■ WHAT IS BEING ASKED ■
Pictures excluded, copy all of the data below exactly.

■ COLLECTED DATA ■
============================================================
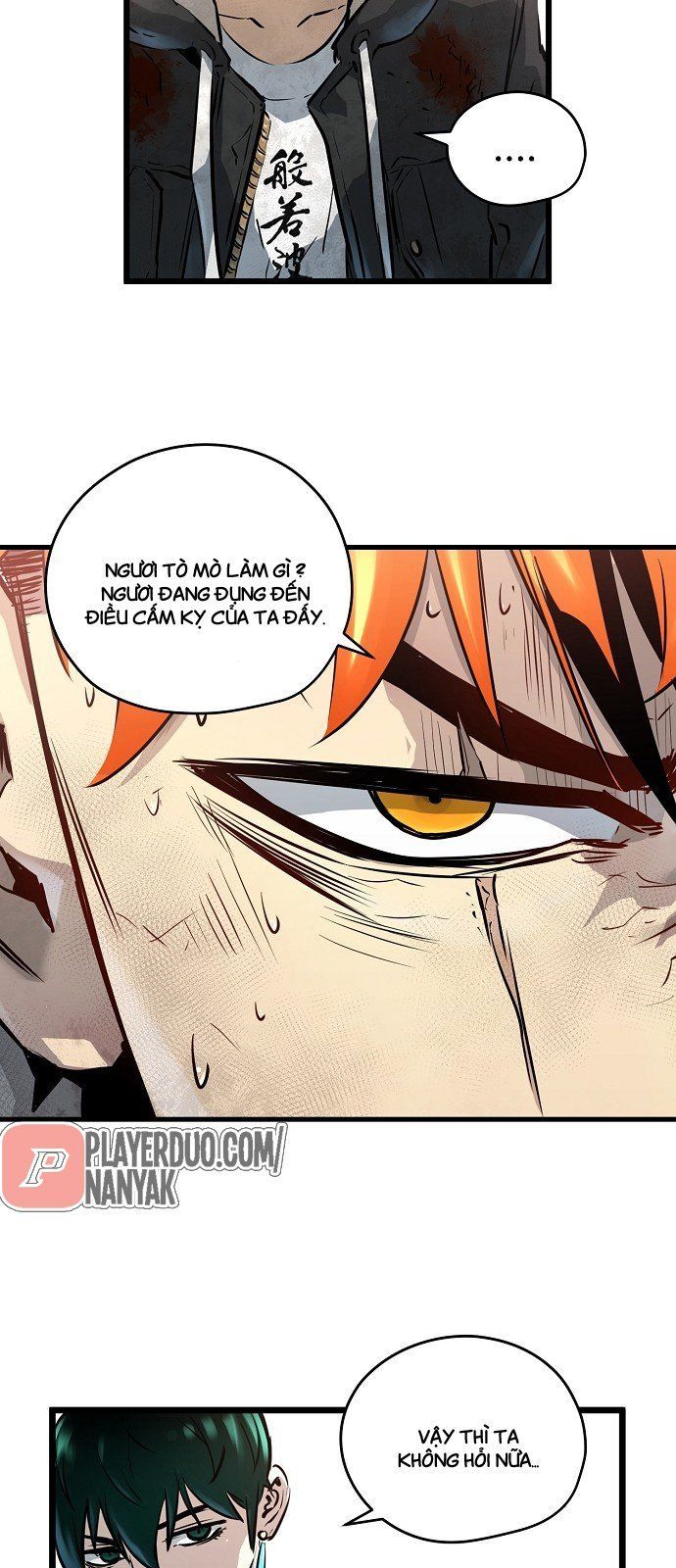 Nanyak Chapter 40 - Trang 2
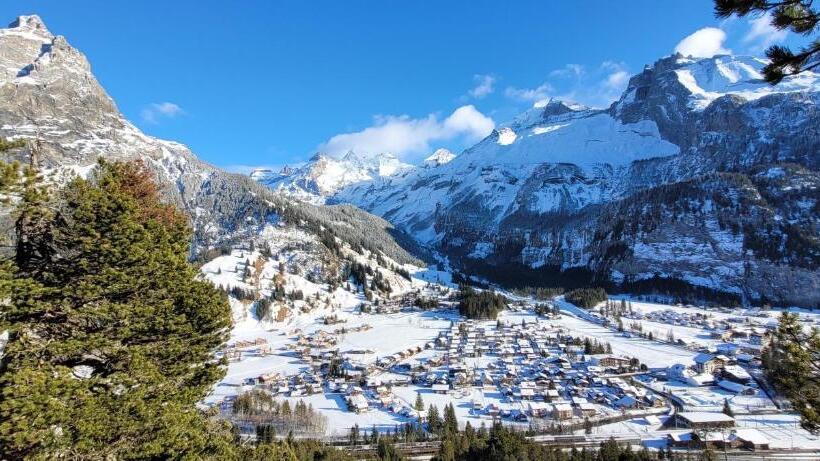 Büelbad   Relax Holiday Apartment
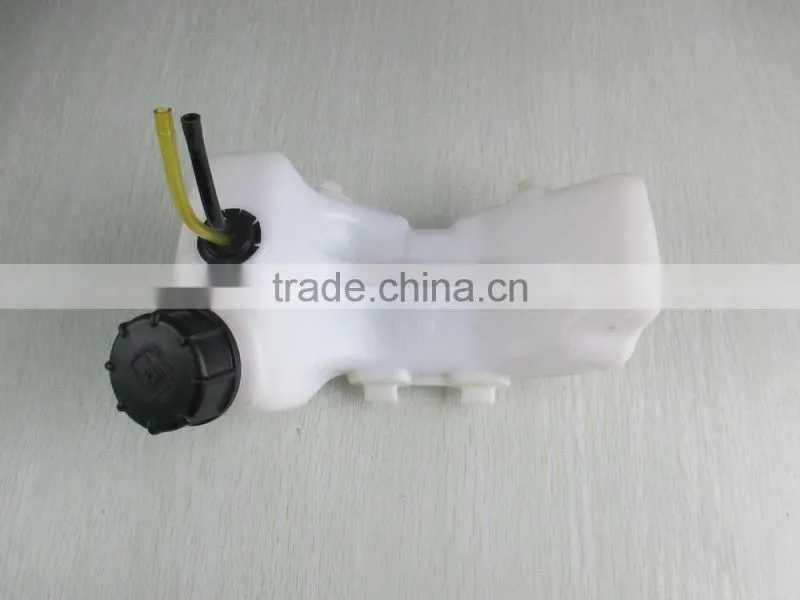 grass trimmer spare parts GX35 engine fuel tank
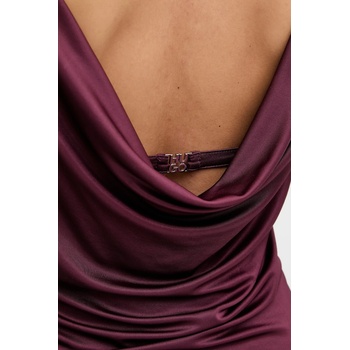 HUGO BOSS Рокля HUGO Nultraviol (50550740)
============================================================
■ COMPLETED TASK ■
 Nanyak Chapter 40 - Trang 2
 Büelbad   Relax Holiday Apartment
 grass trimmer spare parts GX35 engine fuel tank
 HUGO BOSS Рокля HUGO Nultraviol (50550740)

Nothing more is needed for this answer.